L'une des particularités de l'Eglise repose sur le fait que l'on ne se choisit pas, nous ne sommes pas un parti politique ou une amicale des anciens amis de Jésus, on ne vit pas exclusivement avec ceux qui vous ressemblent ou que vous avez coopté. L'Apôtre Paul dira il n'y a plus ni Juif, ni grec, ni homme ou femmes, il n'y a que ceux qui sont en Christ. Les différences ne sont pas annulées, mais seulement transcendées.
Chers amis dans le Seigneur, il n'y a plus de Malgaches, de zoreilles, de créoles, d'Africains. Mais il y a des frères qui ont choisi de répondre à l'appel de Dieu, et d'avoir le même Père. Nous devons ici même apprendre à vivre une nouvelle citoyenneté chrétienne. C'est l'une de nos vocations de chrétien et d'humain.
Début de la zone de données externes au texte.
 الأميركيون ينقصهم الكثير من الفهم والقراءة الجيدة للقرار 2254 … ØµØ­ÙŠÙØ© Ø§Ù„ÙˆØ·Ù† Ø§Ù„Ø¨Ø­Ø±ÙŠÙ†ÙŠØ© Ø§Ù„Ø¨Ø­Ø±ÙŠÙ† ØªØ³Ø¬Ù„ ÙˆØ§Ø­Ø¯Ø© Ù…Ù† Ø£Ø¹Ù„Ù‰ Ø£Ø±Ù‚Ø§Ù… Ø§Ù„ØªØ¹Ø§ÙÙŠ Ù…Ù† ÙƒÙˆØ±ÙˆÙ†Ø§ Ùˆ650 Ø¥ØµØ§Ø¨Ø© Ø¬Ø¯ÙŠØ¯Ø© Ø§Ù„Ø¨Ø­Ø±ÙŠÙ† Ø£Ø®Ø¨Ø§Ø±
Arrêtons-nous maintenant sur le " comment nous accueillir "
Il n'y pas de modèle, de statut type, de mode d'emploi. Chaque génération, chaque type d'Eglise doit discerner et trouver des moyens, des langages qui lui soient spécifiques qui soient en face avec nos contemporains qui lui permettent d'être un témoin du Christ en fonction de son environnement et de son contexte.
Rappelons-nous comment nous avons été accueillis dans l'Eglise. Peut-être à travers un baptême, une confirmation, un sourire, une parole de grâce, un ami qui a pris du temps d'être avec vous, ou peut-être ce qui est moins médiatique à travers un temps de souffrance, de solitude, au moment où vous avez crié vers Dieu. Oui le Seigneur est celui qui nous accueille encore aujourd'hui.
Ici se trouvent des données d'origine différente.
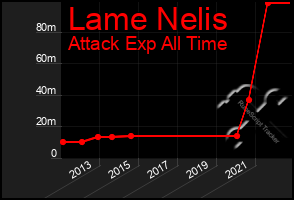 Total Graph of Lame Nelis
Tous nos efforts pour nous connaître et nous apprécier n'ont d'autre fin que d'être un témoignage à Dieu et pour Dieu. La finalité de nos relations entre chrétiens ou de notre ouverture vers la cité, c'est tout simplement de poser des signes concrets qui fassent reculer l'incrédulité, l'indifférence, d'être des artisans de réconciliation et de libération.
Pour terminer et non conclure, je voudrais souligner une évidence. C'est d'ailleurs le titre d'un chant : " C'est en nous accueillant et en nous aimant les uns les autres que le monde saura et verra que nous sommes chrétiens. "
Je souhaite maintenant donner le mot de la fin a celui qui en ce début de prédication nous a exhorter à nous accueillir les uns les autres. L'Apôtre Paul, je le cite. " Que l'amour fraternel vous lie d'une mutuelle affection. Rivalisez d'estime réciproque. Soyez joyeux dans l'espérance, persévérants dans la prière. Réjouissez-vous avec ceux qui sont dans la joie, pleurez avec ceux qui pleurent, que la Paix du Christ soit votre force et votre espérance. " Tel est en ce dimanche mon vœu et ma prière pour chacun d'entre vous et pour notre Eglise.
Je ne vous dis pas Amen, mais bon courage et bonne route.